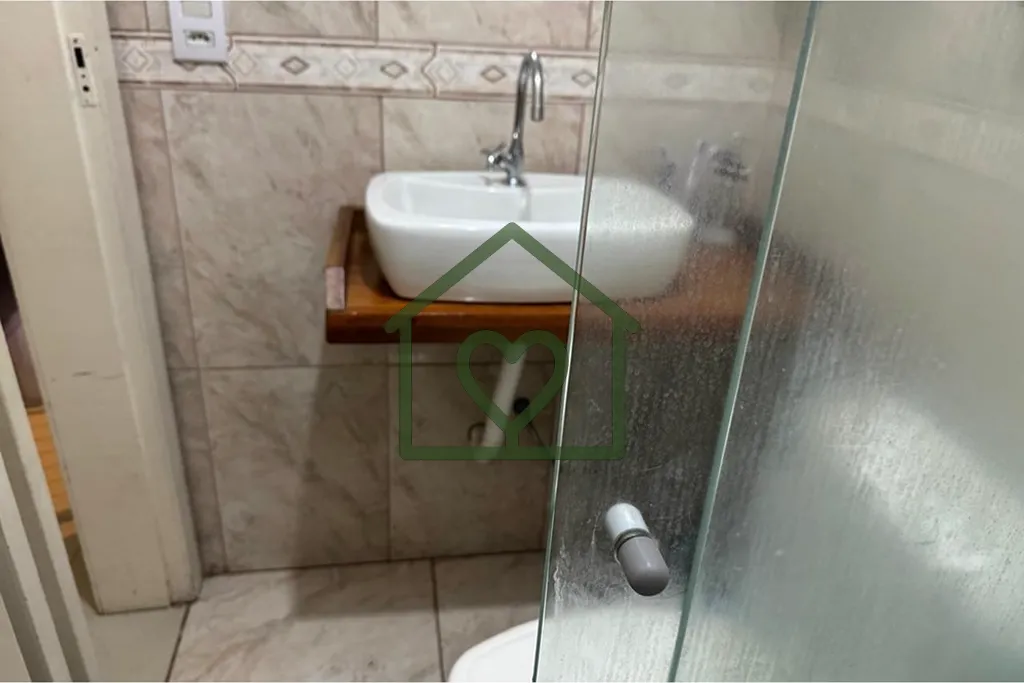 Imagem Apartamento térreo, com posição solar Oeste, proporcionando ótima iluminação natural e sol da ...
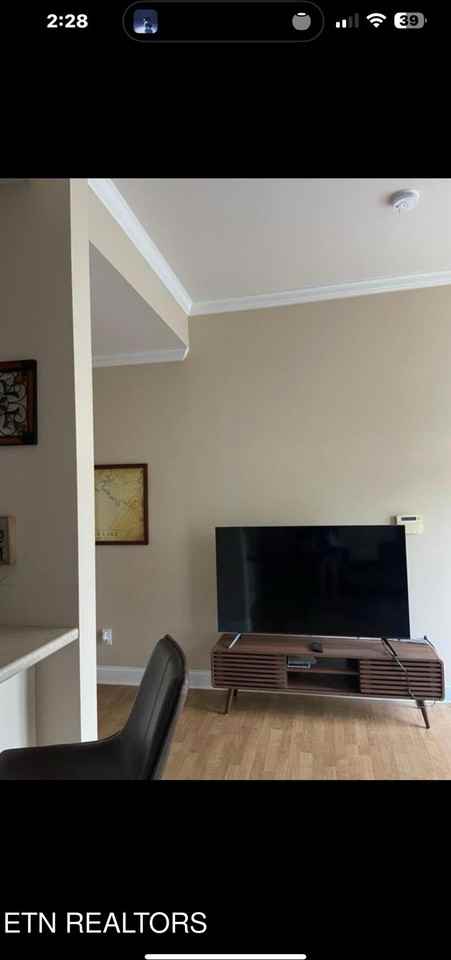 176 Market St - Photo 5 of 7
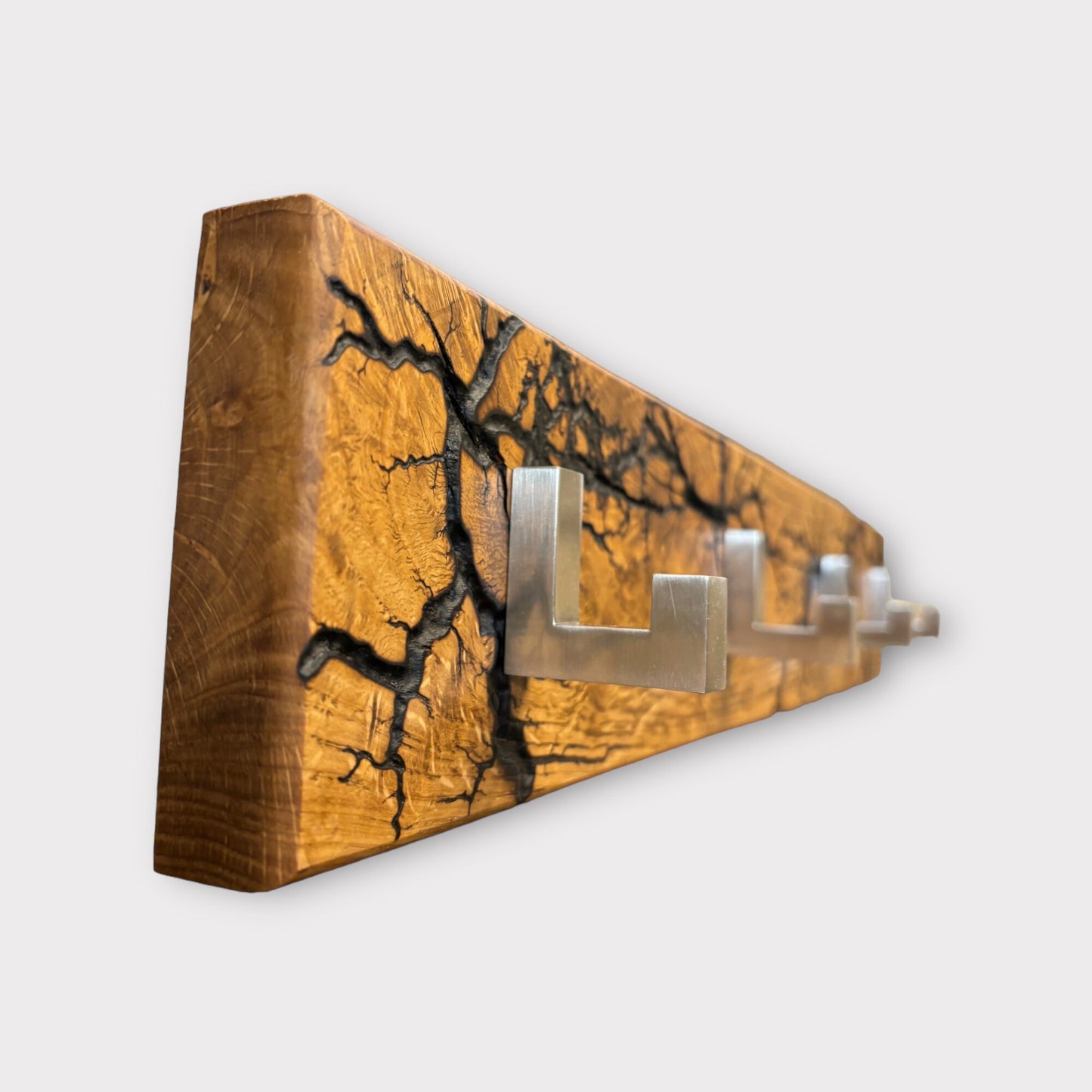 Handgefertigte Eichenholz-Garderobe mit Lichtenberg Muster Wandmontierte Kleiderhaken im Eleganten Stil Edelstahl gebürstet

Task statement »
An acceptable answer consists of the lines above from the one holding "176 Market St - Photo 5 of 7" to the end of the data, repeated exactly and containing no pictures.

Answer »
 176 Market St - Photo 5 of 7
 Handgefertigte Eichenholz-Garderobe mit Lichtenberg Muster Wandmontierte Kleiderhaken im Eleganten Stil Edelstahl gebürstet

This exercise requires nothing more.